En la base de este fenómeno repetido está la fragmentación política. En Perú se han multiplicado los partidos llamados “vientres de alquiler”, que sirven para hospedar a candidatos aventureros y para negociar por fuera de las fronteras ideológicas. Este fue el largo resultado de la dictadura de Fujimori, que demolió a los partidos tradicionales, sin que estos pudieran recomponerse, como si hubiesen quedado tocados por la varita mágica del caudillismo y las disputas de grupúsculos. En otros países es el resultado de fenómenos diferentes.
En Perú, como en el resto de América Latina, los partidos “de alquiler” han florecido con la reducción de las barreras legales, propiciada por una comprensión primitiva del papel de las minorías, una rendición ante las presiones “identitarias” de ciertos grupos de interés y los cálculos autofavorables de los propios reformadores. Como ya supo Arturo Alessandri en los años 20, un Congreso fragmentado es una garantía de inestabilidad, incluso para los que alcanzan el gobierno sobre esas innovaciones en el régimen electoral.
No es todo. En su único y tembloroso discurso de la mañana del miércoles, Castillo anunció dos cosas más: la elaboración de una nueva Constitución y la reorganización del Poder Judicial. Quería tocar dos claves de las instituciones: las reglas del juego y el poder para cautelarlas. Conviene a estas alturas preguntarse por qué cada nuevo grupo que accede al poder se propone cambiar la Constitución, ya no sólo en Perú. La respuesta, en este cuadro, sólo puede ser una sola: para crear los mecanismos que le permitan mantenerse en el poder.
Este es el nudo del populismo moderno. La primera finalidad es ganar el gobierno mediante los mecanismos tradicionales. Luego viene la segunda: alterar esos mecanismos de modo de asegurar nuevos triunfos. Uno de los exponentes excelsos de esta lógica fue Evo Morales, que diseñó una Constitución para su partido, el MAS, y luego quiso rediseñarla para sí mismo.

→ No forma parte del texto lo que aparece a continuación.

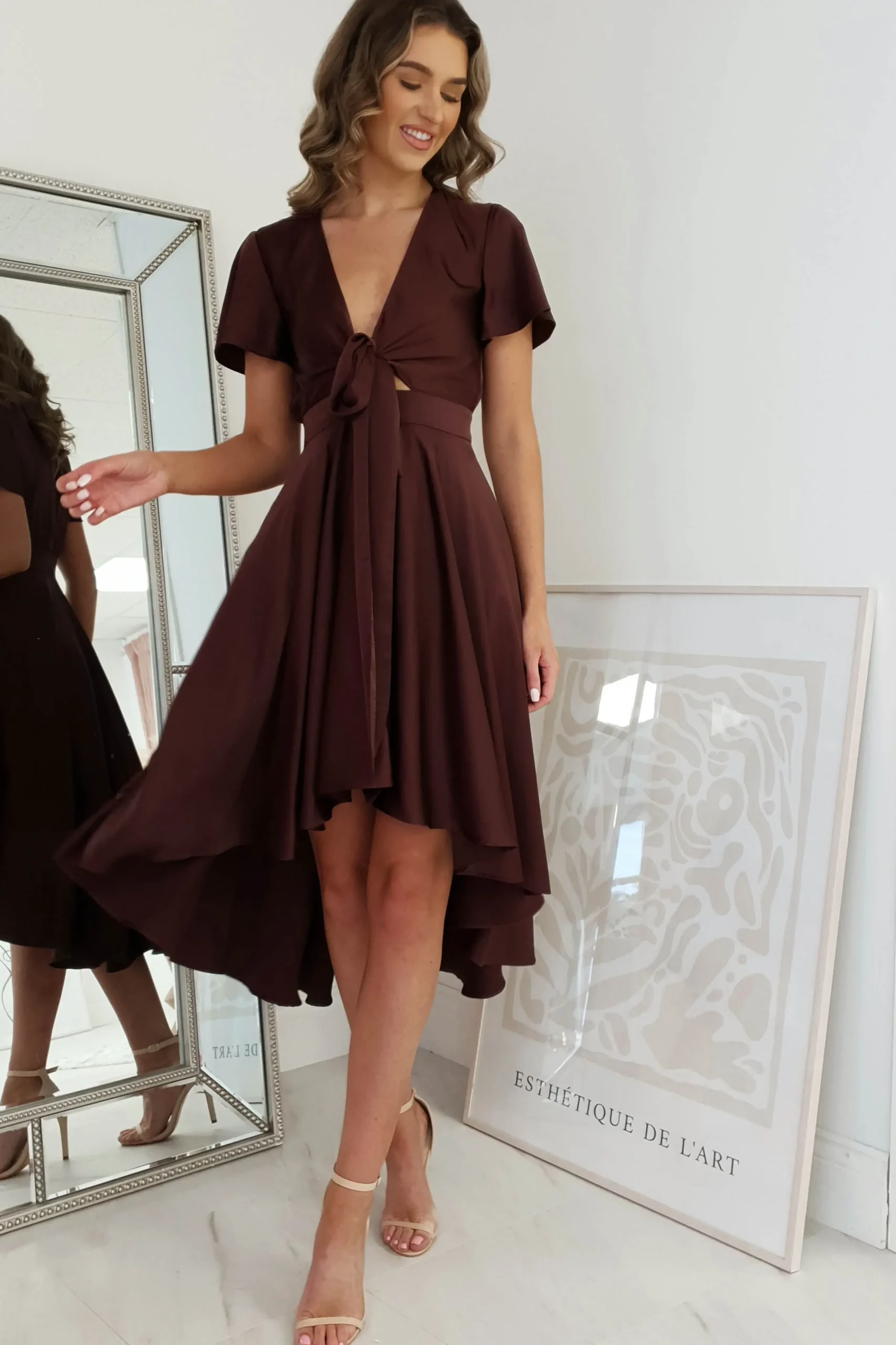 Hot Maleri Satin Midi Dress | Chocolate Mittellange Kleider|Midi-kleider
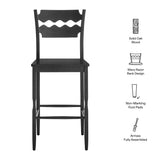 Lennox Oak Wood Bar Stool With Wavy Razor Back in Black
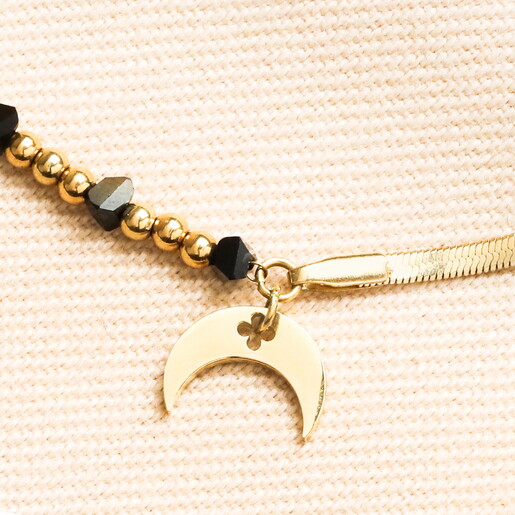Stainless Steel Split Layer Black Beaded Anklet in Gold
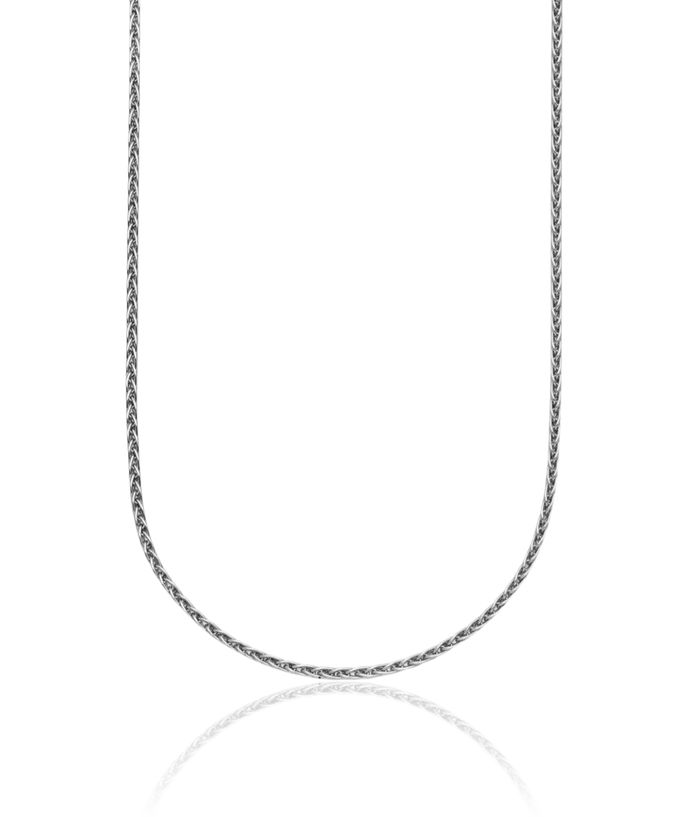 Platinum 1.35mm Spiga Wheat Link Chain Necklace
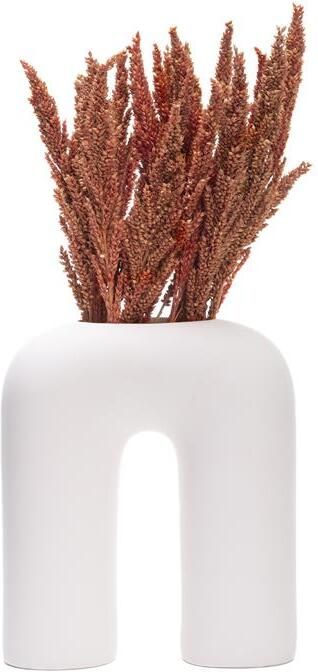 QUVIO Vaas U vorm Keramiek Wit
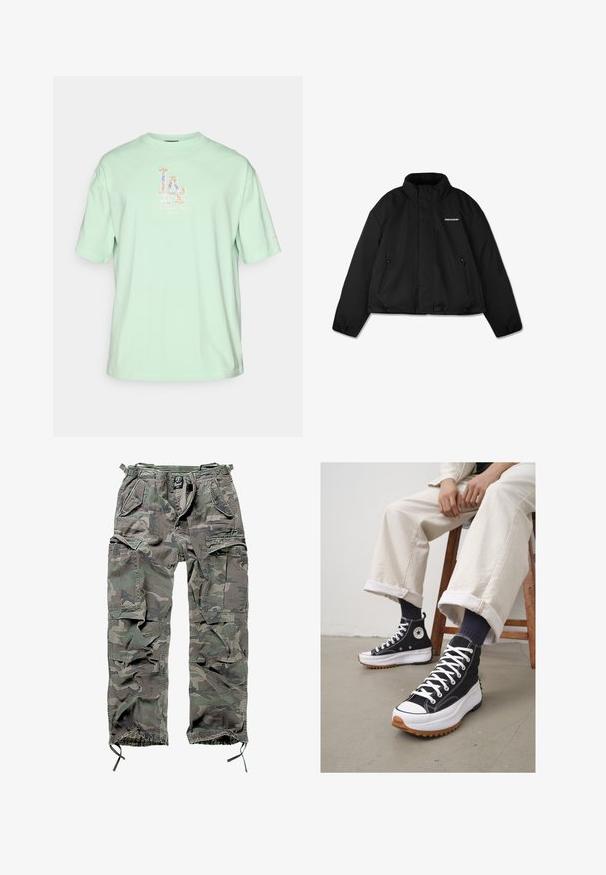 Melnā polsterētā jaka ar augstu apkakli, ar rāvējslēdzēja sānu kabatām un zīmolu uz krūtīm. Gluda virsma, īsais dizains.; Zila zaļš kokvilnas T-krekls ar apaļu kaklu, īsām piedurknēm un centrā esošu daudzkrāsainu "LA" logo dizainu. Mīksta tekstūra, brīva piegriezuma.; Kamikaze krūšu bikses zaļā un pelēkā krāsā, ar vairākiem kabatām, elastīgu jostasvietu, regulējamiem potīšu galviņām un brīvu piegriezumu.; Augstie melnie sporta apavi ar baltām auklām un gumiju purngalā. Bieza balta zole ar strukturētu brūnu ārējo zoli, valkāti ar zilām svītrainām zeķēm.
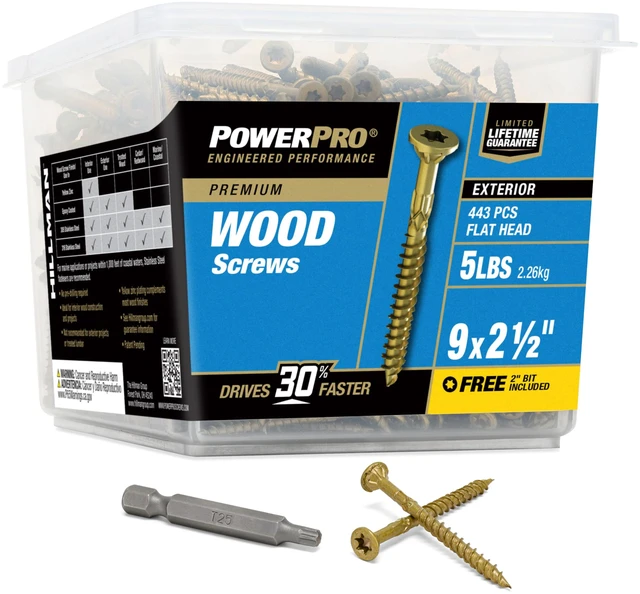 Main image of Exterior Wood Screws, #9 x 2-1/2in, 443 Pack, Bronze Bronze epoxy finish, star drive with flat head, for deck boards and treated lumber, T25 bit included, reduces splitting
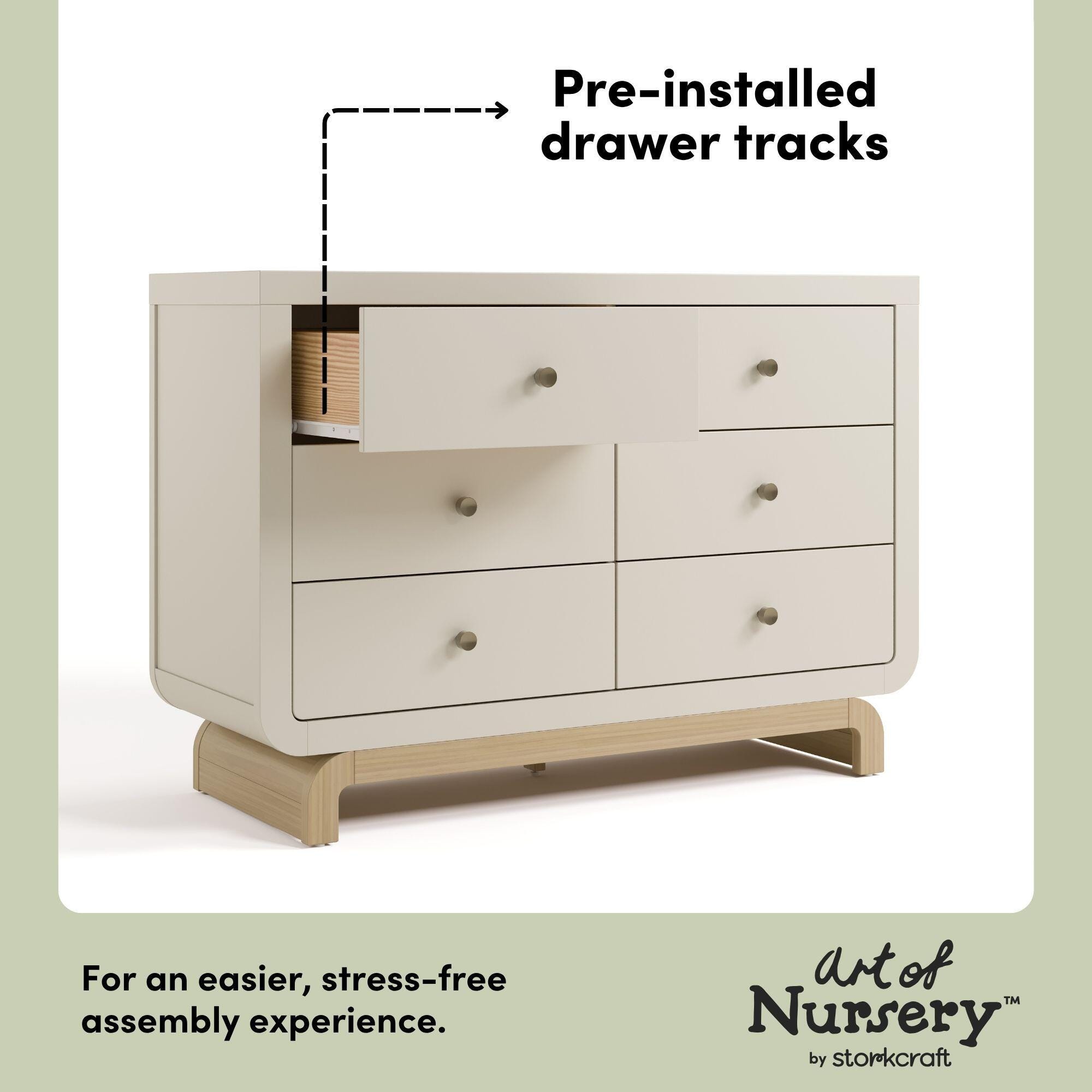 Storkcraft Santorini 6 Drawer Double Dresser, Frosted Oat/Driftwood, large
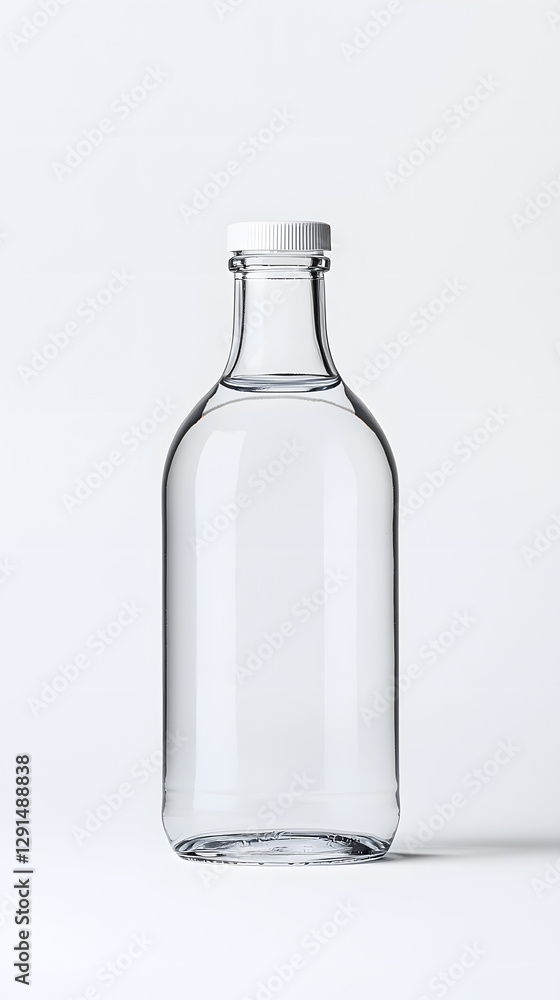 Glass clear bottle of water mock up, packaging template, isolated on white background Glass clear bottle of water mock up, packaging template, isolated on white background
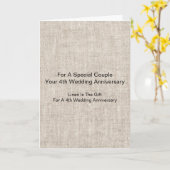 Linen Pattern Personalisiert 4. Hochzeitstag Karte (Gelbe Blume)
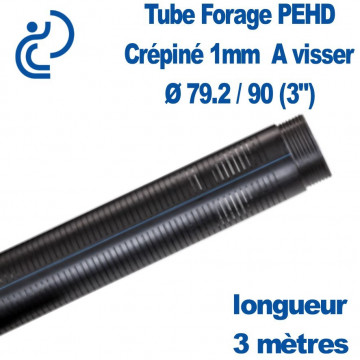 Tube Forage PEHD 79.2x90 (3") Crépiné 1mm longueur de 3ml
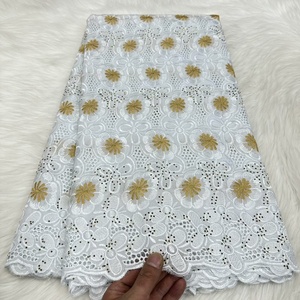 Vestidos de novia de tela de encaje de gasa Suiza Precio de promoción Bordado de algodón teñido con lentejuelas en la India - Product Image 3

Hubo un momento, por supuesto, en que el pueblo boliviano se dio cuenta y lo expulsó de la Casa Grande del Pueblo, ese artefacto pomposo con que reemplazó al tradicional Palacio Quemado.
Excelso, no único. Un vistazo sencillo a América Latina revela que la Constitución se ha convertido de una obsesión compartida por los proyectos populistas de izquierda y de derecha. Si Castillo hubiese tenido el apoyo de las Fuerzas Armadas en su autogolpe, parece más probable que se hubiese inclinado hacia un proyecto nacional-autoritario (una experiencia que Perú ya conoció con Velasco Alvarado), sólo que más inclinado hacia la derecha que a la izquierda que lo eligió. Las divisiones de su propio partido, Perú Libre, sugieren eso. También lo sugiere el extraño párrafo en que daba la certeza de que no tocaría el modelo económico. ¿Esperaba tener la alianza de los empresarios?
De modo que, con el fiasco histórico, en realidad Perú se salvó de una dictadura encabezada por un sujeto que tenía muchos motivos para gobernar con mano dura. Castillo puede terminar de esculpir su imagen de víctima con el destino que tuvo su asonada, porque la victimización goza de un excelente ranking en la política latinoamericana de hoy. Pero, en verdad, estuvo a un tris de convertirse en un victimario de Perú y casi es mejor no imaginar todo lo que habría sucedido en ese caso.
La advertencia es clara: si Castillo quiso intentarlo, cualquiera puede quererlo. Las democracias de la región necesitan más alertas que nunca.